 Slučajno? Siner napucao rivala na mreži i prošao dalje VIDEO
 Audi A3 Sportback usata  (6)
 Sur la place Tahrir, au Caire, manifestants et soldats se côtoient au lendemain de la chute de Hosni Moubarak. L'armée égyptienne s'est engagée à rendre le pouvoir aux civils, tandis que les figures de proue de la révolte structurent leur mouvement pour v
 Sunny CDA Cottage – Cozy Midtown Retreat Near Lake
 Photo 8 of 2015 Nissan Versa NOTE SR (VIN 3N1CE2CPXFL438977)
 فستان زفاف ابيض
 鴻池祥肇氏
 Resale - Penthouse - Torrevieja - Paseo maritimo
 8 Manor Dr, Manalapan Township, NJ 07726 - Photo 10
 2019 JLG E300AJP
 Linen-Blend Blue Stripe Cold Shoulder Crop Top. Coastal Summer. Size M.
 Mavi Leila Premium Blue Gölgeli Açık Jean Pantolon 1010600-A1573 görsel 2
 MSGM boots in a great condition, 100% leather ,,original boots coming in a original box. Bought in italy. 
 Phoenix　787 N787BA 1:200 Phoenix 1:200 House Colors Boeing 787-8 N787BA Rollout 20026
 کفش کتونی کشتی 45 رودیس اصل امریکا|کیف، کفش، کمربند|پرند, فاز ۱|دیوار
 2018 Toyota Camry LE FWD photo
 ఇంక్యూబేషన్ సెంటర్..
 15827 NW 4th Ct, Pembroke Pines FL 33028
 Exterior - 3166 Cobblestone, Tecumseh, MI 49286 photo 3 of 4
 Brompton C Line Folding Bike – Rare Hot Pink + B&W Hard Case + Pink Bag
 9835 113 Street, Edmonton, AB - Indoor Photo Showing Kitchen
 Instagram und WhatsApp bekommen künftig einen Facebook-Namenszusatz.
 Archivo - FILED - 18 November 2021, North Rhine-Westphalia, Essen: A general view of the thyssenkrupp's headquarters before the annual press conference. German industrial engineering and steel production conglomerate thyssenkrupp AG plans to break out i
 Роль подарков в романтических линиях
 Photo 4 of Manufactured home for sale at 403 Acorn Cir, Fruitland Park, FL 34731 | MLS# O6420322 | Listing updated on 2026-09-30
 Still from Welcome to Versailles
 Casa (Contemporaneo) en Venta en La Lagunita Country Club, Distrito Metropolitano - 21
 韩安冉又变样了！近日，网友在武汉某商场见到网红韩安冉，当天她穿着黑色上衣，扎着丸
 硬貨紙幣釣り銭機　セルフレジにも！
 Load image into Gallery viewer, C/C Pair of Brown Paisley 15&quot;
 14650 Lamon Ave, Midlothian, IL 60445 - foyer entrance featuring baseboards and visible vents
※ ※ ※
» **WHAT THE TASK REQUIRES**:
Among the lines above, repeat exactly those from the line with "MSGM boots in" to the line with "Роль подарков в романтических линиях", counting both ends.

» **TASK SOLUTION**:
 MSGM boots in a great condition, 100% leather ,,original boots coming in a original box. Bought in italy. 
 Phoenix　787 N787BA 1:200 Phoenix 1:200 House Colors Boeing 787-8 N787BA Rollout 20026
 کفش کتونی کشتی 45 رودیس اصل امریکا|کیف، کفش، کمربند|پرند, فاز ۱|دیوار
 2018 Toyota Camry LE FWD photo
 ఇంక్యూబేషన్ సెంటర్..
 15827 NW 4th Ct, Pembroke Pines FL 33028
 Exterior - 3166 Cobblestone, Tecumseh, MI 49286 photo 3 of 4
 Brompton C Line Folding Bike – Rare Hot Pink + B&W Hard Case + Pink Bag
 9835 113 Street, Edmonton, AB - Indoor Photo Showing Kitchen
 Instagram und WhatsApp bekommen künftig einen Facebook-Namenszusatz.
 Archivo - FILED - 18 November 2021, North Rhine-Westphalia, Essen: A general view of the thyssenkrupp's headquarters before the annual press conference. German industrial engineering and steel production conglomerate thyssenkrupp AG plans to break out i
 Роль подарков в романтических линиях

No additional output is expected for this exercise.